┌────────
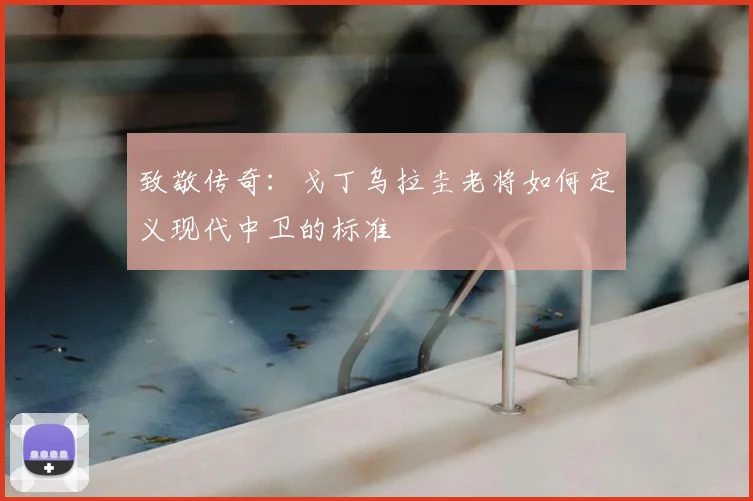 致敬传奇：戈丁乌拉圭老将如何定义现代中卫的标准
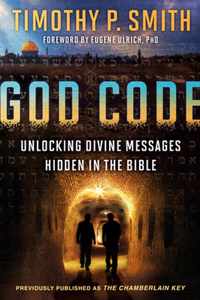 The God Code (Movie Tie-In Edition) Unlocking Divine Messages Hidden in the Bible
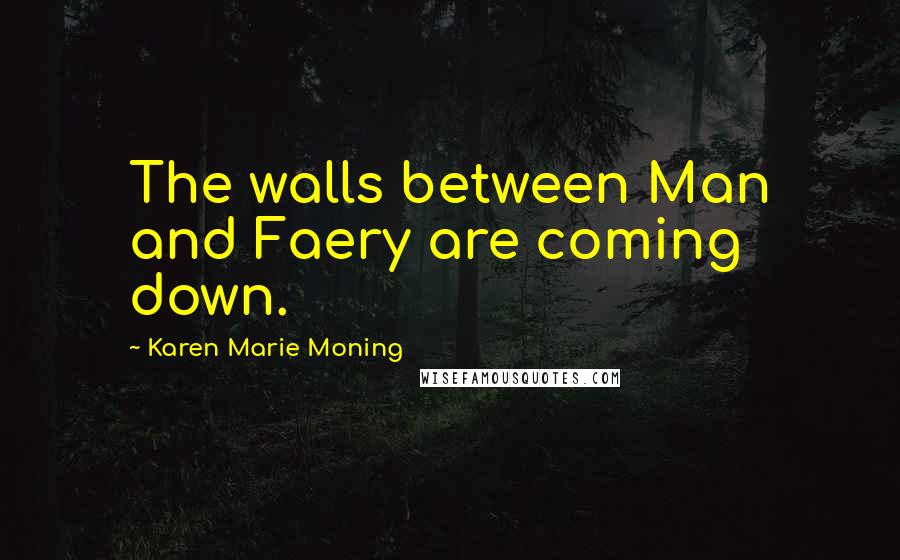 Karen Marie Moning Quotes: The walls between Man and Faery are coming down.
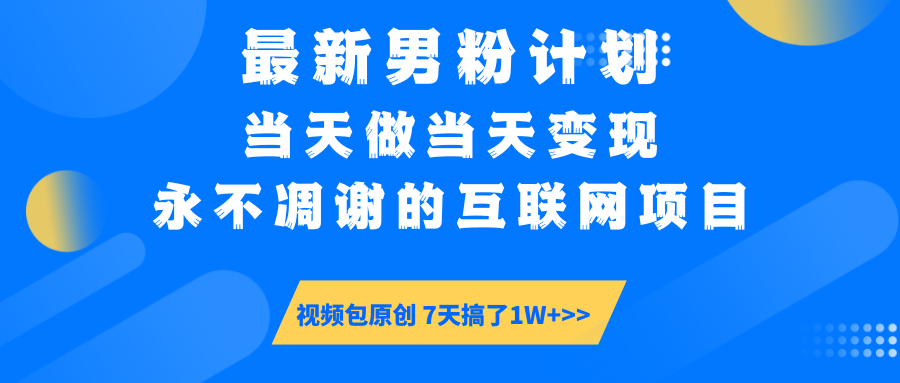 最新男粉计划6.0玩法，永不凋谢的互联网项目 当天做当天变现，视频包原…-精品虚拟资源库
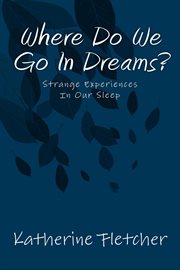 Where do we go in dreams? cover image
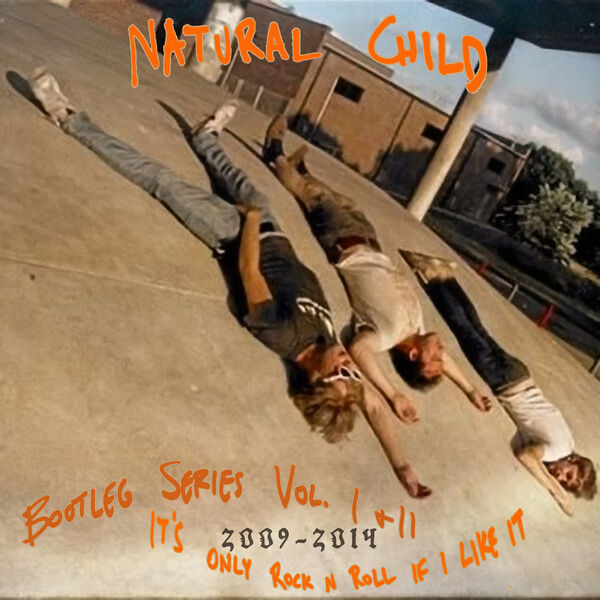 Natural Child – It's Only Rock n Roll If I Like It Bootleg Series Vol  1 & 2 (2025)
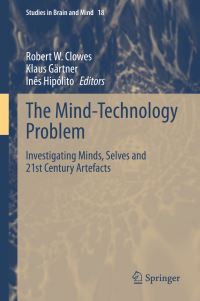 Book Cover for The Mind-Technology Problem by Robert Clowes, Klaus Gärtner, Inês Hipólito
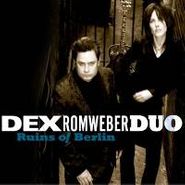 Dex Romweber Duo, Ruins Of Berlin (CD)
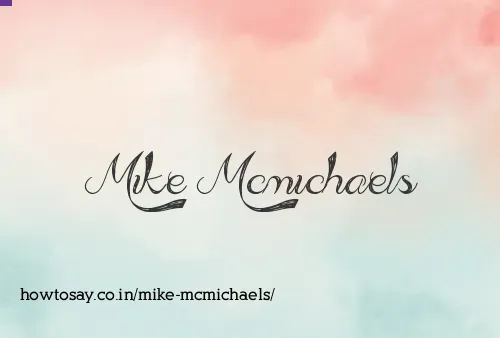Mike Mcmichaels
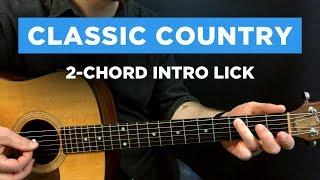  Classic country 2-CHORD intro lick (The Year That Clayton Delaney Died)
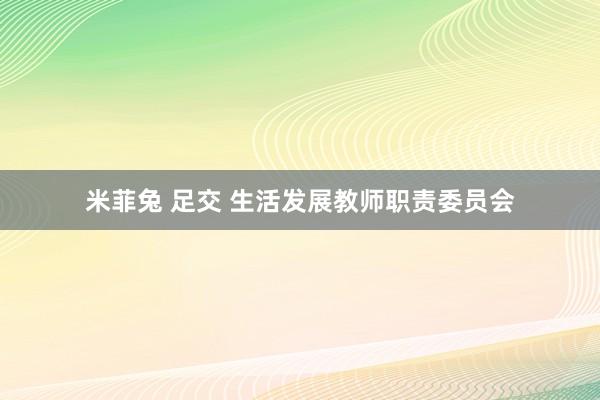 米菲兔 足交 生活发展教师职责委员会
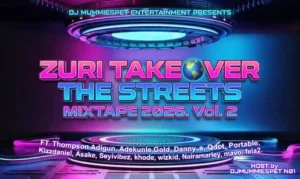 Dj mummiespet - zuri take over the street mixtape 2026 vol. 2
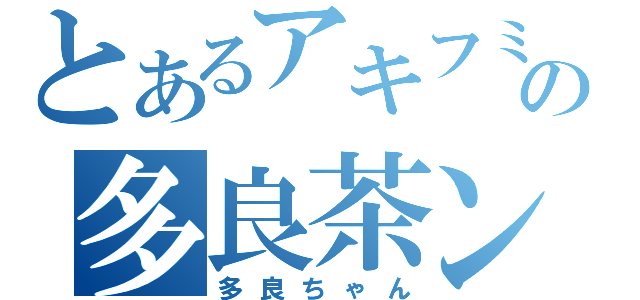 とあるアキフミの多良茶ン（多良ちゃん）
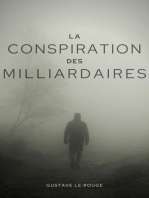 La Conspiration des Milliardaires: Tome II : À coups de milliards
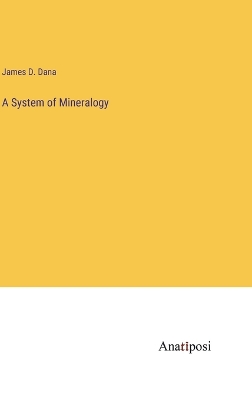 A System of Mineralogy by James D Dana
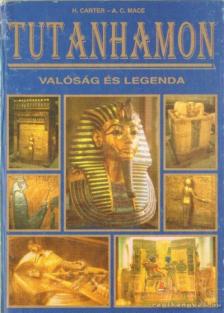 Carter, Howard, Mace, A. C. - Tutanhamon [antikvár]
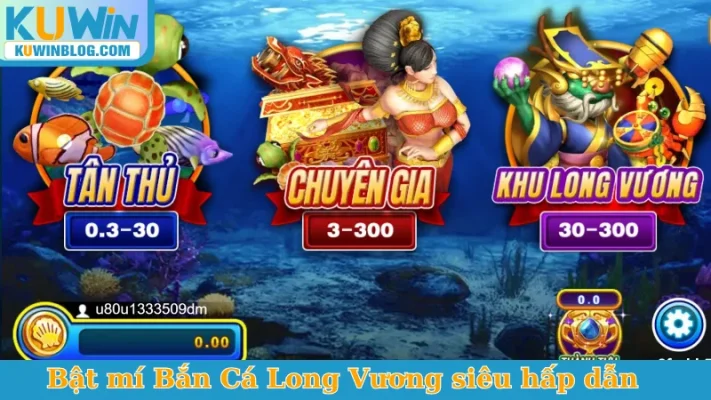 Bật mí Bắn Cá Long Vương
└────────
=== Work to complete ===
Above are some entries. Restate word for word the lines from the one holding "The God Code" through the one holding "米菲兔 足交 生活发展教师职责委员会", but not the pictures.

=== Problem solution ===
 The God Code (Movie Tie-In Edition) Unlocking Divine Messages Hidden in the Bible
 Karen Marie Moning Quotes: The walls between Man and Faery are coming down.
 最新男粉计划6.0玩法，永不凋谢的互联网项目 当天做当天变现，视频包原…-精品虚拟资源库
 Where do we go in dreams? cover image
 Natural Child – It's Only Rock n Roll If I Like It Bootleg Series Vol  1 & 2 (2025)
 Book Cover for The Mind-Technology Problem by Robert Clowes, Klaus Gärtner, Inês Hipólito
 Dex Romweber Duo, Ruins Of Berlin (CD)
Mike Mcmichaels
  Classic country 2-CHORD intro lick (The Year That Clayton Delaney Died)
 米菲兔 足交 生活发展教师职责委员会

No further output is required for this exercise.